В пансионе жизнь для мальчиков была несладкой. В то время учащиеся делились на два сословия: благородные и разночинцы. В соответствии с этим разделением ребята и жили в пансионах при гимназиях. У семьи Жуковских не было денег, чтобы платить за пансионат для благородных, поэтому Николай с Иваном числились в гимназии как разночинцы. Выросшие в деревне, братья были застенчивы и дичились одноклассников. Многие из ребят были детьми содержательных родителей, подъезжали к гимназии на своих выездках, смотрели на Жуковских свысока и даже дразнили их деревенщиной. Однако у Коли был некий дар собирать всех вокруг себя, быть как бы всеобщим центром, поэтому скоро они с мальчиками подружились.
От негимназистов, конечно, тоже приходилось потерпеть. Жуковские, надевшие долгожданный мундир, вышагивали в шинелях с красными петлицами, в фуражках с красными околышами и таким же красным кантом на тулье. Цвет канта у всех гимназий был разным и показывал принадлежность к ним. На красноту реагировали уличные мальчишки криками вслед ребятам – «красная говядина», «квартальные». Но это, разумеется, мелочи жизни.
Гораздо серьезнее было то, что в самой гимназии шлифовались умы казарменной дисциплиной. Вставать приходилось очень рано – в шесть утра. По звонку нужно было подняться, быстро умыться, начистить обувь, мундир. Даже медные пуговицы натирались до золотого блеска – все равно, что в армии! Только вместо физических упражнений – умственные. Проверялось качество утренней работы так же, по-армейски, показом гимназического строя надзирателю. Всех поленившихся выполнить утреннюю разнарядку на отлично оставляли без первого хлеба и сбитня (позже заменен был чаем с молоком). Помолившись, все шли повторять уроки – это называлось утренней репетицией. В полдевятого слетались гимназисты на корзину черного хлеба, которую приносили прямо в класс, и наедались им вдоволь. В девять начинались основные уроки. Занимались до двух часов и потом шли обедать. На обед были гречневая каша и суп с мясом. На праздники к этому прибавлялось молочное блюдо, но и оно доставалось не всем: его лишались те, кто баловался во время обеда. Потом снова учеба – готовили то, что учителя задали сегодня (вечерняя репетиция). Затем кружка молока с хлебом и по спальням, под надзор дядек.

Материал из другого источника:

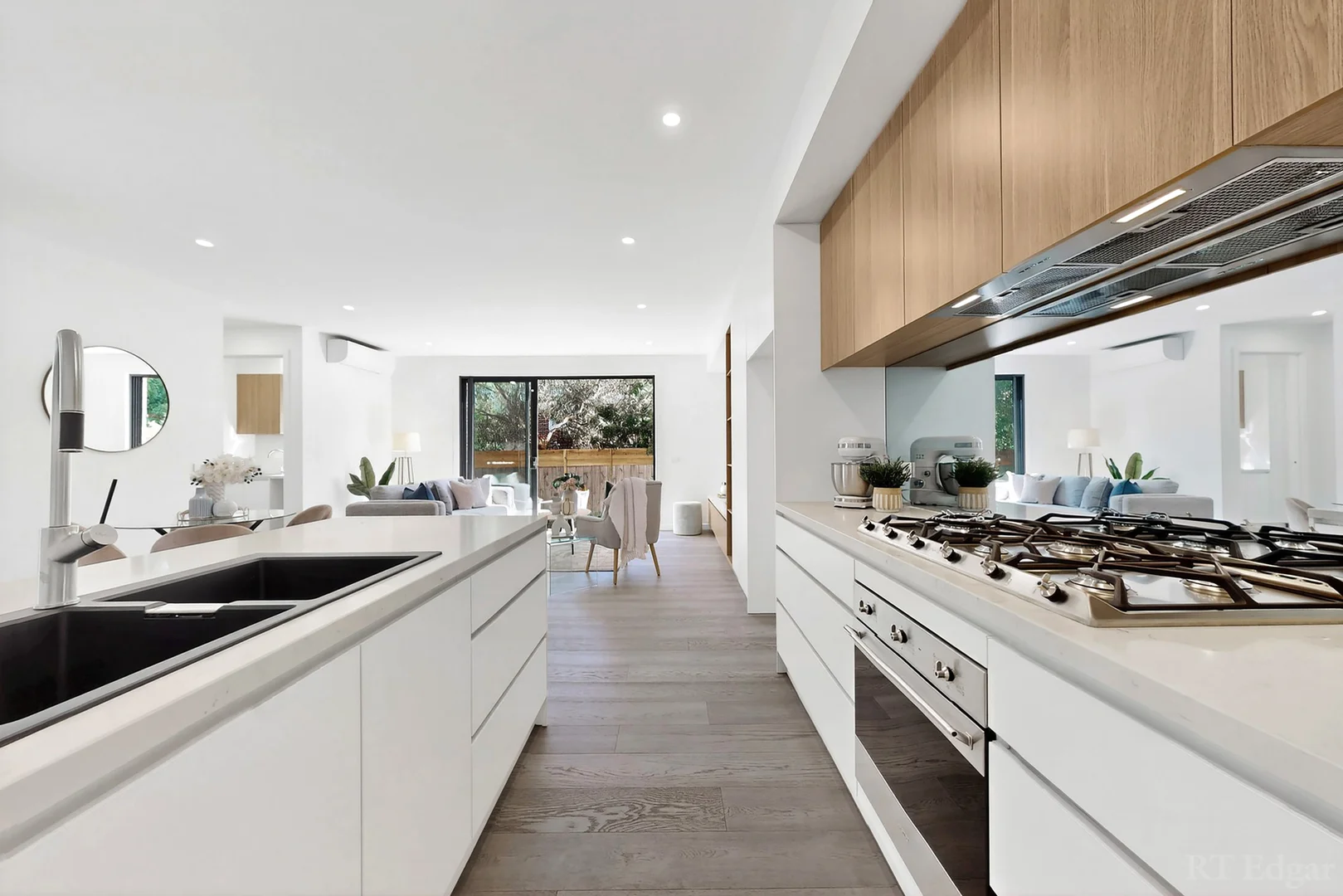 Additional image 5 of 2/39 Gillard Street, Burwood VIC 3125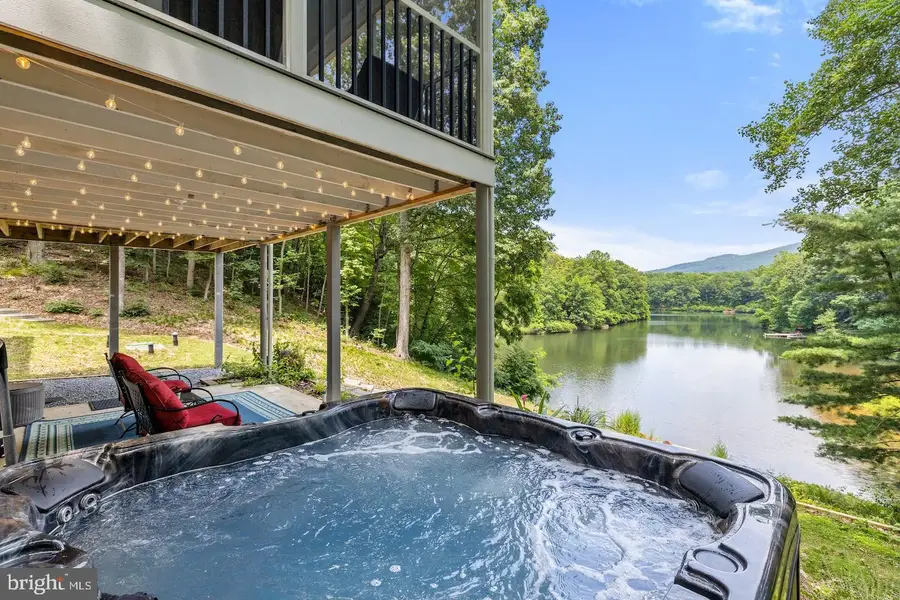 435 Lakeside Dr, Harpers Ferry, WV 25425 - #3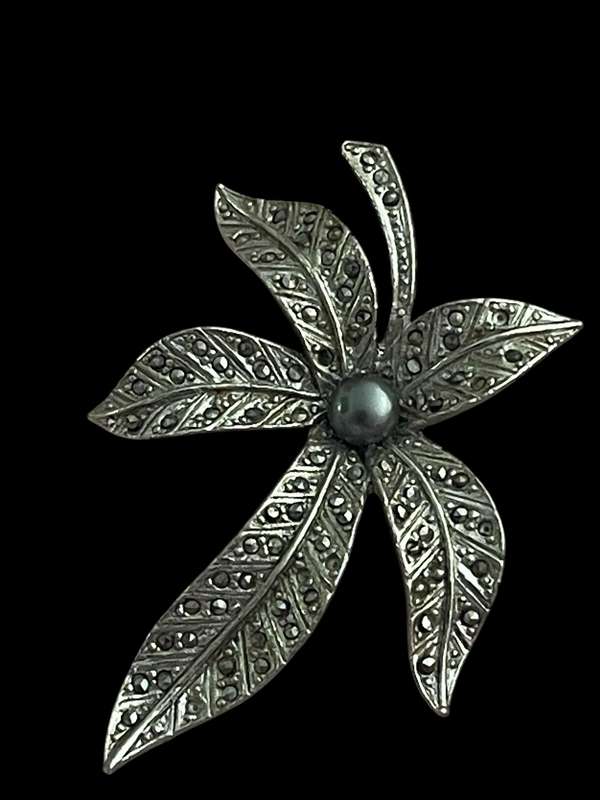 Brooch marcasite vintage(V)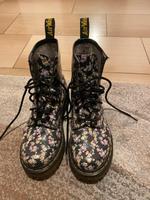 Dr. Martens mit Blumenmuster in 36 Hessen - Großkrotzenburg Vorschau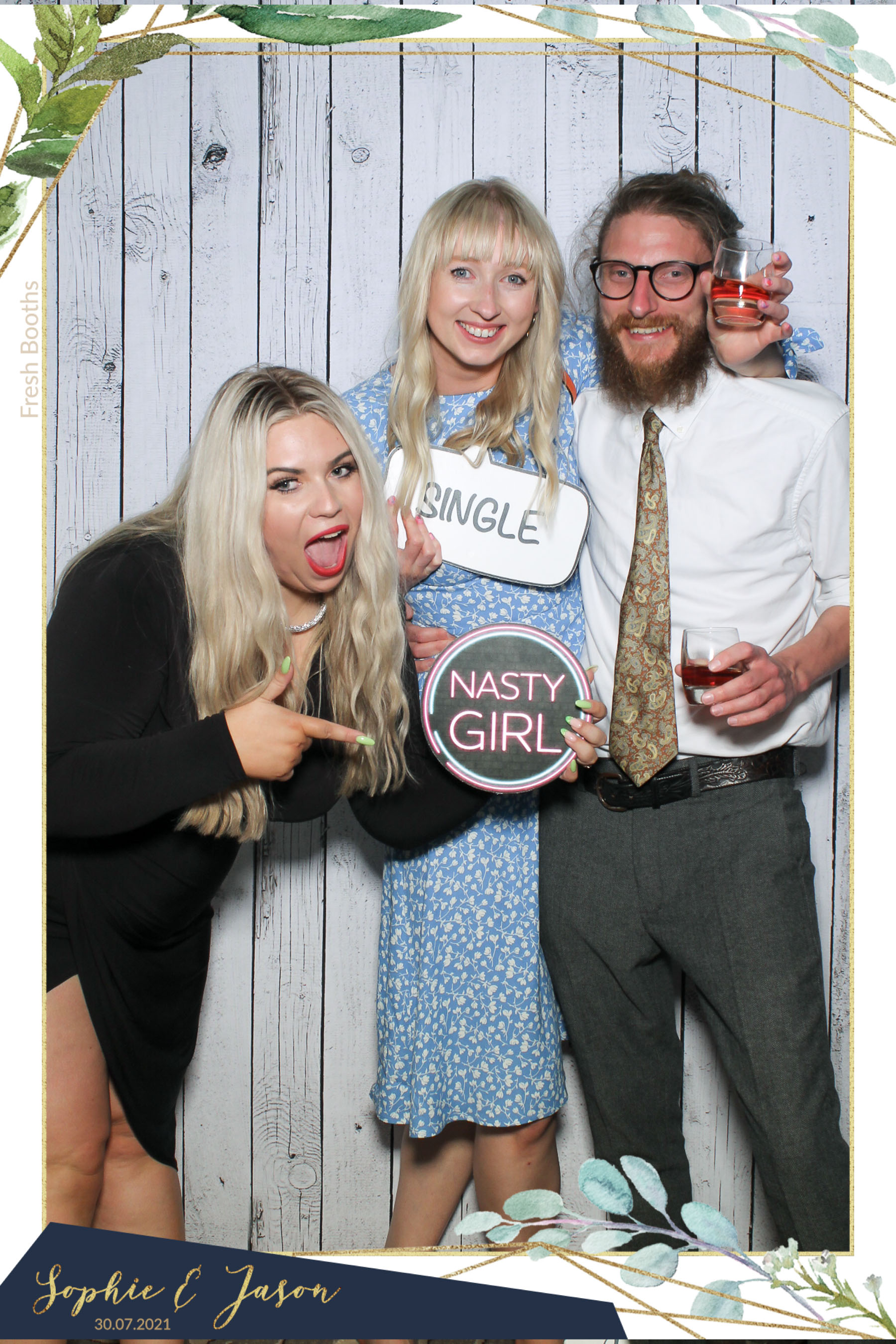 Jason and Sophie Wedding - Selfie Mirror | View more photos from the event at gallery.freshbooths.com/u/FreshBooths/Jason-and-Sophie-Wedding-Selfie-Mirror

На следующий день все то же самое повторялось вновь.
Еще меньше приятного было в том, что ходили гимназисты и зимой, и летом без калош, в холодных, без подкладки, шинелях, летних фуражках. За шалости и неуспехи в учебе строго наказывались ребята розгами, которые закупались целыми возами.
При всем этом вся разница благородных и разночинцев была лишь в том, что благородным подавался особый обед и спали они отдельно.
Под окнами гимназии расстилалась Покровка с ее бесконечными торговцами, экипажами. Там жизнь кипела и часто перетягивала на себя внимание учеников, в том числе Коленьки, выигрывая в этом у скучноватых уроков. Казалось бы, Жук как прирожденный профессор, пусть достаточно продолжительное время не осознававший этого, должен был сразу пристраститься ко всем предметам, стать круглым отличником и первым учеником в гимназии. Но нет, все было совсем не так. Наибольшее количество учебных часов в гимназии отводилось на изучение латинского языка. В старших классах можно было добавить к этому греческий язык или же математические науки. Окончание курса позволяло поступить в университет без экзамена. Если Ваня Жуковский начал сразу отлично учиться, то Коля никак не мог освоить латынь и справиться с простыми арифметическими вычислениями. Из-за арифметики он даже чуть не попал под розги, но инспектор отменил наказание.